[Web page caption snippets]
= = = = =
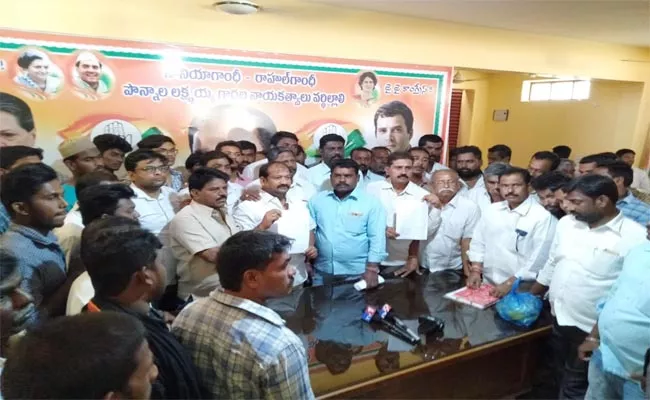 Congress Councillors Resign Congress Party Janagam - Sakshi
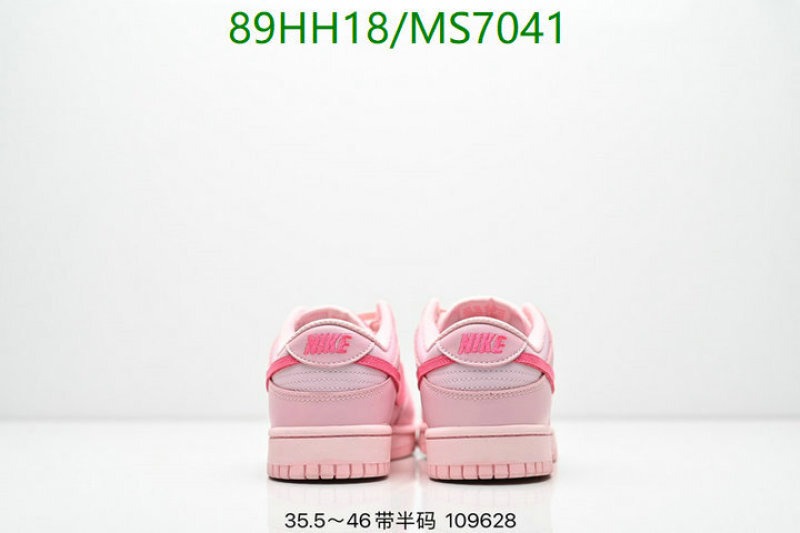 Nike-Men shoes Code: MS7041 $: 89USD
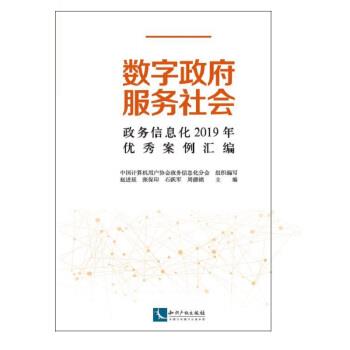 正版包邮  数字政府 服务社会 ：政务信息化2019年案例汇编 9787513066594 知识产权出版社 中国计算机用户协会（政务信息化分会）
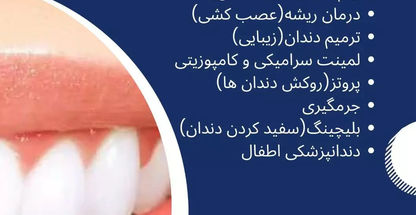 کلینیک دندانپزشکی دکتر برهنه پوشان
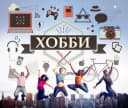 Группа Хобби (продвижение) в MAX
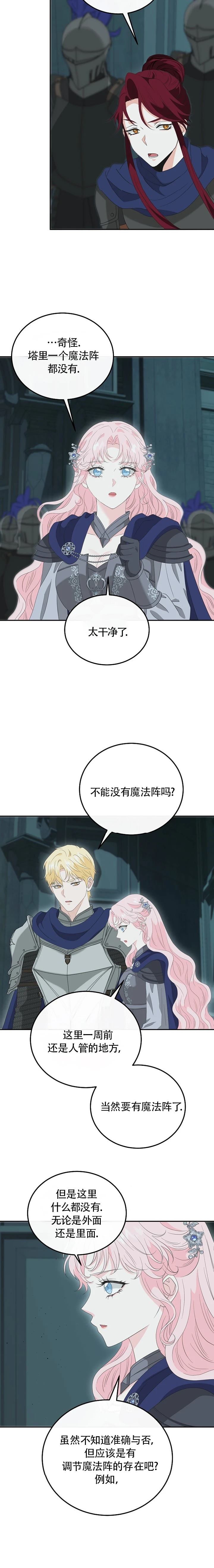 第19话5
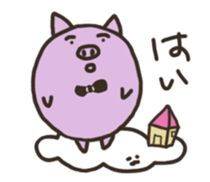 a purple pig,a cloud and house sticker #13158091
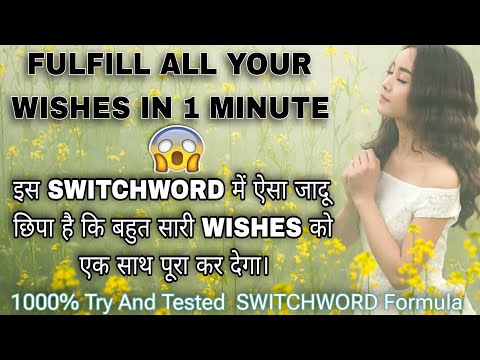 इस छोटे से Switchword से सारी Wishes एक साथ होंगी पूरी। Try And Tested Powerful Switchword Formula.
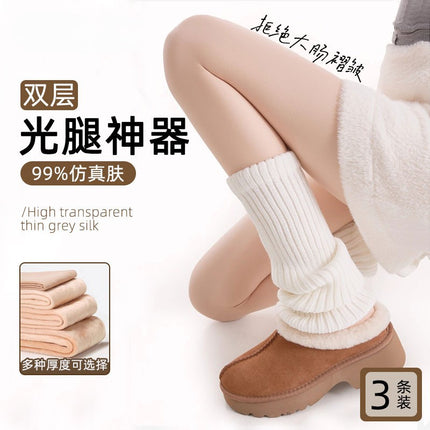 Double-Layer Sheer Leg Artifact for Women, Autumn and Winter Natural Nude Color, Thickened and Fleece-Lined Fake Sheer Leggings, Pantyhose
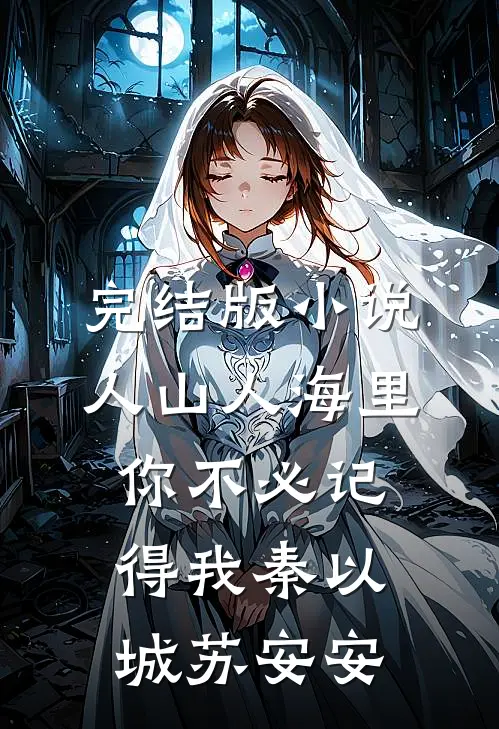 完结版小说人山人海里，你不必记得我秦以城苏安安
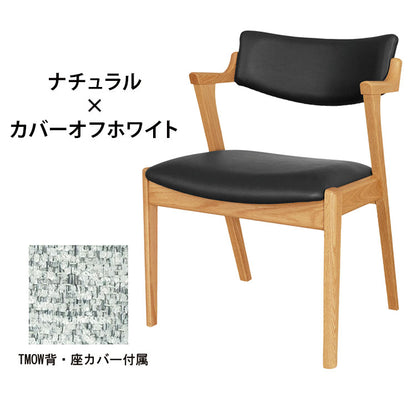 アルボル YUME2 205W ワイド セミアームチェア ダイニングチェア 椅子 イス いす ナチュラル ブラウン ブラック 座カバーリング グリーン オフホワイト オーク材 北欧 幅56cm 奥行58cm 高さ76cm(代引不可)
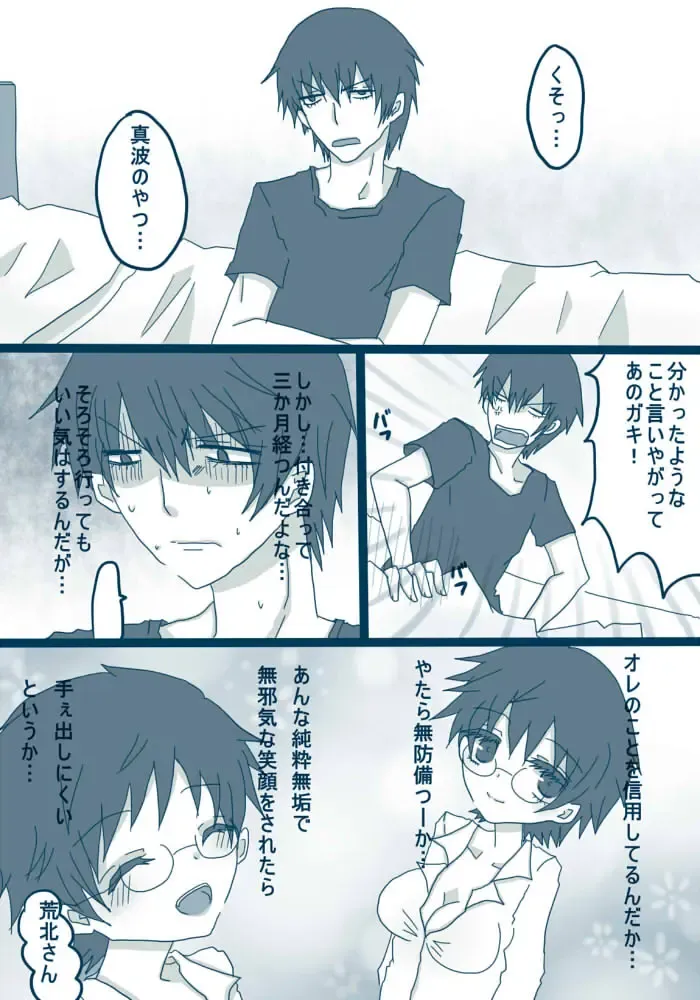 [Denjarasu Yamada] 喪女と野獣 Fhentai - Page 4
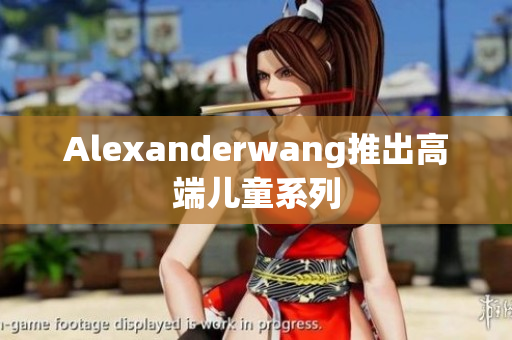 Alexanderwang推出高端儿童系列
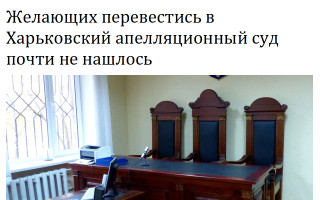 Желающих перевестись в Харьковский апелляционный суд почти не нашлось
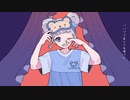 【足立レイ】テディ【UTAUカバー】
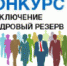 ОБЪЯВЛЕНИЕ о формировании кадрового резерва муниципальной службы на конкурсной основе в отраслевых (функциональных) органах и структурных подразделениях администрации Далматовского района на 2019 – 2020 годы - Администрация Далматовского Района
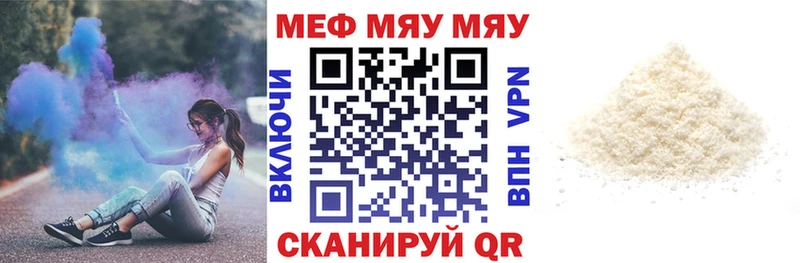 Наркошоп купить Alpha PVP  Мефедрон  ГАШ  Псилоцибиновые грибы  NBOMe  Конопля  COCAIN  Апрелевка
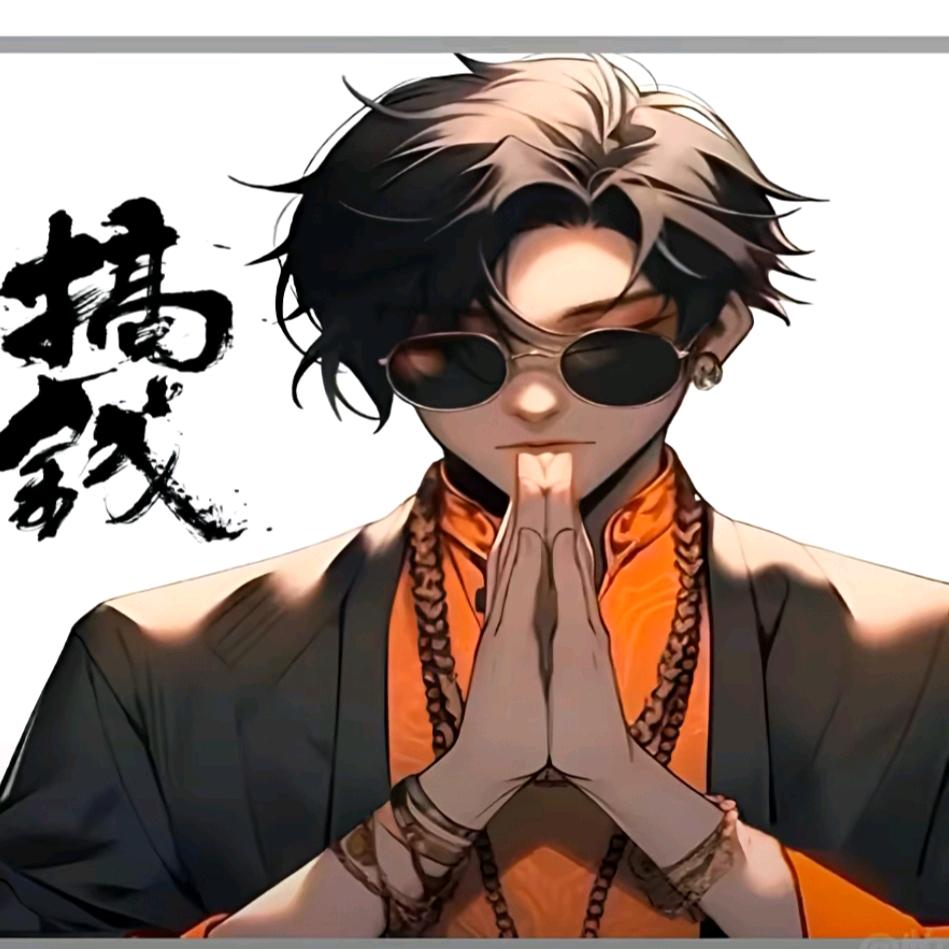 杨先生
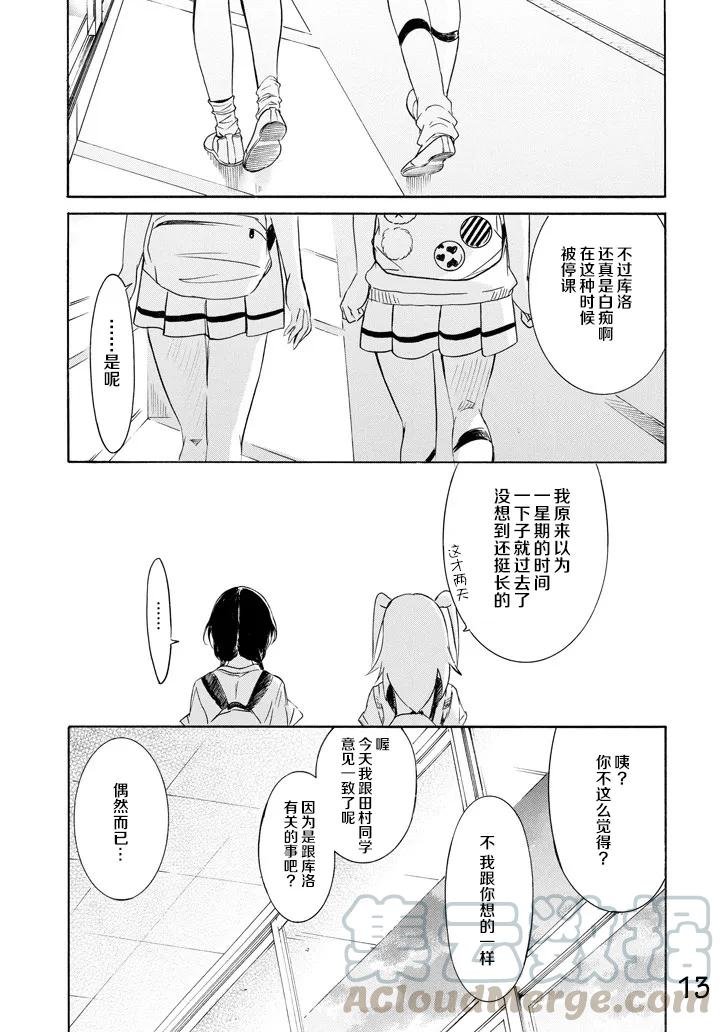 丧157 不受欢迎兮在反省啦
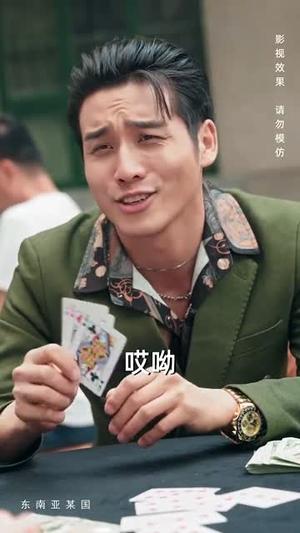 为争一口气，我压上一切（53集）丁磊&王姝懿（夸克网盘）封面图 - 短剧短剧
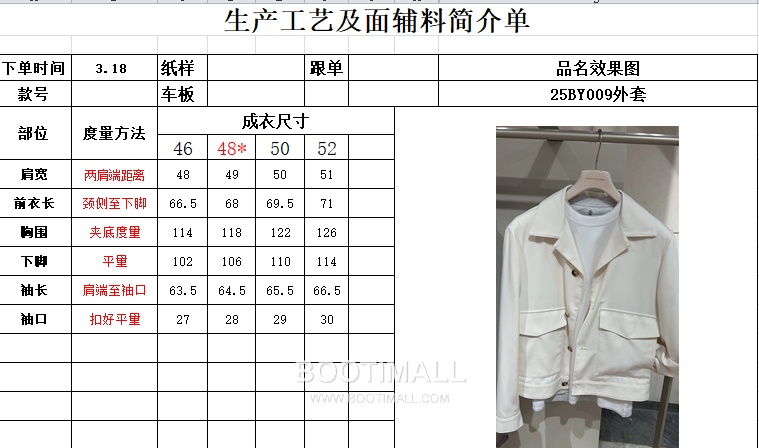 Brunello Cucinelli Washed Silk Twill Jacket Silk White 브루넬로 쿠치넬리 워시드 실크 트윌 자켓 실크 화이트 14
= = = = =
Every record is to be reproduced exactly, with no pictures included.

 Congress Councillors Resign Congress Party Janagam - Sakshi
 Nike-Men shoes Code: MS7041 $: 89USD
 正版包邮  数字政府 服务社会 ：政务信息化2019年案例汇编 9787513066594 知识产权出版社 中国计算机用户协会（政务信息化分会）
 کلینیک دندانپزشکی دکتر برهنه پوشان
 Группа Хобби (продвижение) в MAX
 第19话5
 a purple pig,a cloud and house sticker #13158091
 इस छोटे से Switchword से सारी Wishes एक साथ होंगी पूरी। Try And Tested Powerful Switchword Formula.
 Double-Layer Sheer Leg Artifact for Women, Autumn and Winter Natural Nude Color, Thickened and Fleece-Lined Fake Sheer Leggings, Pantyhose
 完结版小说人山人海里，你不必记得我秦以城苏安安
 アルボル YUME2 205W ワイド セミアームチェア ダイニングチェア 椅子 イス いす ナチュラル ブラウン ブラック 座カバーリング グリーン オフホワイト オーク材 北欧 幅56cm 奥行58cm 高さ76cm(代引不可)
 [Denjarasu Yamada] 喪女と野獣 Fhentai - Page 4
 Alexanderwang推出高端儿童系列
 Желающих перевестись в Харьковский апелляционный суд почти не нашлось
 【足立レイ】テディ【UTAUカバー】
 ОБЪЯВЛЕНИЕ о формировании кадрового резерва муниципальной службы на конкурсной основе в отраслевых (функциональных) органах и структурных подразделениях администрации Далматовского района на 2019 – 2020 годы - Администрация Далматовского Района
 Наркошоп купить Alpha PVP  Мефедрон  ГАШ  Псилоцибиновые грибы  NBOMe  Конопля  COCAIN  Апрелевка
 杨先生
 丧157 不受欢迎兮在反省啦
 为争一口气，我压上一切（53集）丁磊&王姝懿（夸克网盘）封面图 - 短剧短剧
 Brunello Cucinelli Washed Silk Twill Jacket Silk White 브루넬로 쿠치넬리 워시드 실크 트윌 자켓 실크 화이트 14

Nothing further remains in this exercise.